Key points to watch out for:
- The Non-Farm Payrolls report and advance European CPI will condition rate cut forecasts.
- ISM PMI indices will also be relevant for the Fed and the outlook for the US dollar.
- Canadian employment and Chinese PMIs are also on the economic calendar
The Federal Reserve reinforces its view
The March monetary policy meetings reinforced the likelihood of central banks beginning to cut interest rates by June.However, there are still some doubts about whether inflation is on a downward path especially in the United States.
Despite the FOMC’s estimate of three rate cuts by 2024, the committee members displayed increased hesitance to commit to a specific rate cut schedule. Inflation on U.S. soil appears to have stalled at 3.0%, while the labor market remains tight.
Concern arises that a premature rate cut might reignite inflationary pressures. The Fed believes that its credibility would suffer more from maintaining a tight policy longer than necessary.
There are no established market perceptions of a clear baseline for a soft landing, meaning that any shifts in this outlook could end Wall Street’s rally and potentially strengthen the U.S. dollar. Consequently, investors’ best hope is that the new data will be mixed.
Could the U.S. labor market cool?
The labor market has been another issue that has kept the Fed on edge. Although signs indicate that the market is cooling, the Fed still fears overheating. Notably, the economic slowdown was pronounced last month as the unemployment rate increased to 3.9% and annual wage growth slowed to 4.3%.
Nonetheless, employment growth remained strong, with non-farm payrolls expanding by 275,000 jobs. The March forecast anticipates the creation of 198,000 new jobs, an unemployment rate steady at 3.9%, and a slowdown in average hourly wage growth to 4.1% annually.
The data to be released on Friday, April 5 will be preceded by PMI and ISM data. By Monday, April 1 of this week, the manufacturing PMI will be released and on Wednesday, April 3, it will be the turn of services.

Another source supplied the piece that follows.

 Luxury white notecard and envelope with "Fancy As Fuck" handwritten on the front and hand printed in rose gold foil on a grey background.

The former is expected to show signs of slight improvement in March, but the latter is expected to show signs of a pullback. On Tuesday, April 2, factory orders and JOLTS job openings will be released, and on Wednesday, April 3, the ADP employment report will be released.

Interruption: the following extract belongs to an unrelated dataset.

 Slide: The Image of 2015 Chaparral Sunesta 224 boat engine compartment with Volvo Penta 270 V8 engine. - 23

Should the numbers be positive, and especially if the NFP numbers are better than expected, bets for a rate cut would be countered, which would be a further boost for the dollar.
Eurozone CPI in the spotlight
While the Federal Reserve is worried about inflation being above the 2% target, the European Central Bank (ECB) has fared better. Headline CPI declined to 2.6% in the second month of this year and is expected to continue falling to 2.5% in March. Core CPI, which does not take into account volatile items such as food, tobacco, energy and alcohol, is expected to fall to 3.0%.
Europe’s monetary policymakers have shown in recent days that they are advocating a rate cut for the June meeting. A downside surprise is likely to support such a move, putting pressure on the euro, although stronger-than-expected readings could limit the chances of a June cut.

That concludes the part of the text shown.